Nesta segunda, o PT também apresentou notícia crime ao STF, pedindo a investigação das acusações feitas por Moro contra Bolsonaro e vice-versa. Além disso, o partido pediu ao Supremo a investigação da deputada bolsonarista Carla Zambelli (PSL-SP) suspeita de crimes de tráfico de influência e de advocacia administrativa.
Moro revelou mensagens em que Zambelli oferece ajuda para conquistar uma vaga no Supremo caso ele não saísse do governo Bolsonaro. Os petistas ainda apresentaram ações na Justiça questionando as indicações de Jorge de Oliveira para a pasta da Justiça e de Alexandre Ramagem para a chefia da Polícia Federal.
As acusações de Moro contra Bolsonaro se enquadram como possíveis crimes de responsabilidade, que podem levar ao impeachment, dizem procuradores do Ministério Público Federal e especialistas em direito criminal e constitucional ouvidos pela reportagem.
Crimes de responsabilidade, segundo a legislação, são passíveis da pena de perda do cargo, com inabilitação, até cinco anos, para o exercício de qualquer função pública. A
pena é imposta pelo Senado contra o presidente da República, ministros ou contra o procurador-geral da República.
Especialistas em direito criminal e constitucional consultados pela reportagem concordam que a ação do presidente de solicitar documentos sigilosos da Polícia Federal, conforme dito por Moro, se enquadra nesta categoria.
Também há consenso entre eles de que o fato de assinatura eletrônica de Moro constar em documento que ele diz não ter assinado, se comprovado, configura crime de falsidade ideológica. Não há consenso, entretanto, se este segundo ato poderia ser considerado também crime de responsabilidade.
Bolsonaro admitiu o erro, e a assinatura de Moro foi retirada da exoneração de Valeixo, que foi republicada em edição extra do Diário Oficial na noite desta sexta-feira.
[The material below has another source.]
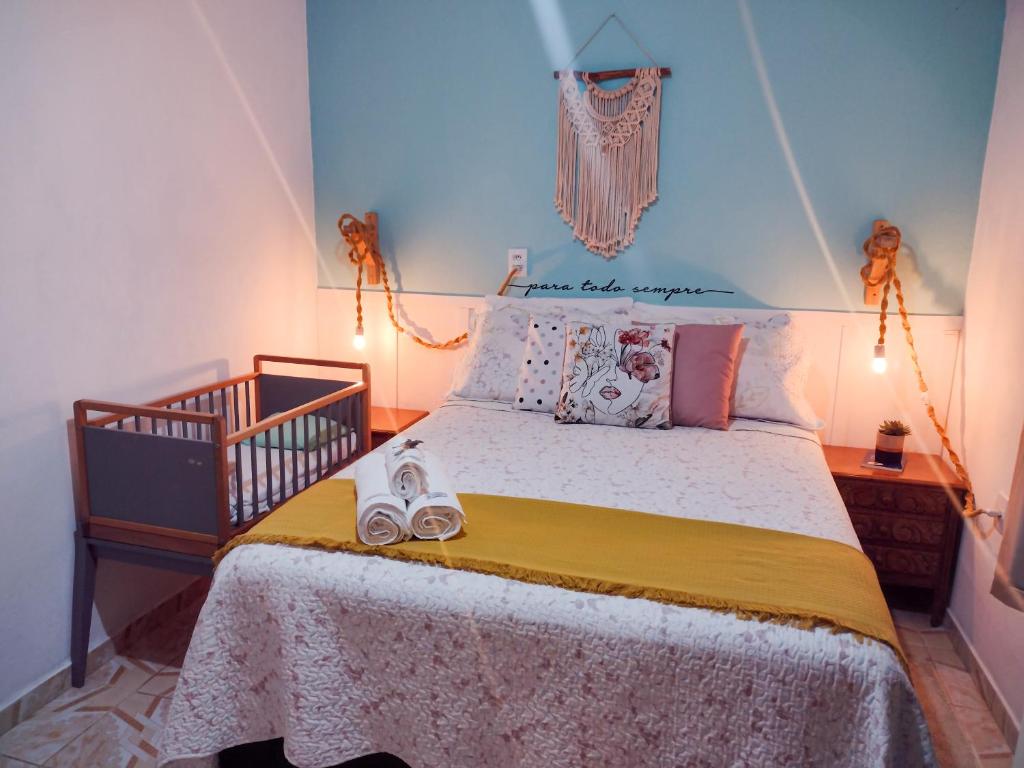 Säng eller sängar i ett rum på Casa de Campo Capixaba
Na medida, é informado que o ato foi "republicado por ter constado incorreção quanto ao original".
Para o presidente da Associação Nacional dos Procuradores da República (ANPR), Fábio George Cruz da Nóbrega, tanto a interferência na PF quanto o ato publicado com o nome de Moro evidenciam a possibilidade de crime de responsabilidade.
— Ambas as ocorrências precisam ser devidamente apuradas — diz Nóbrega.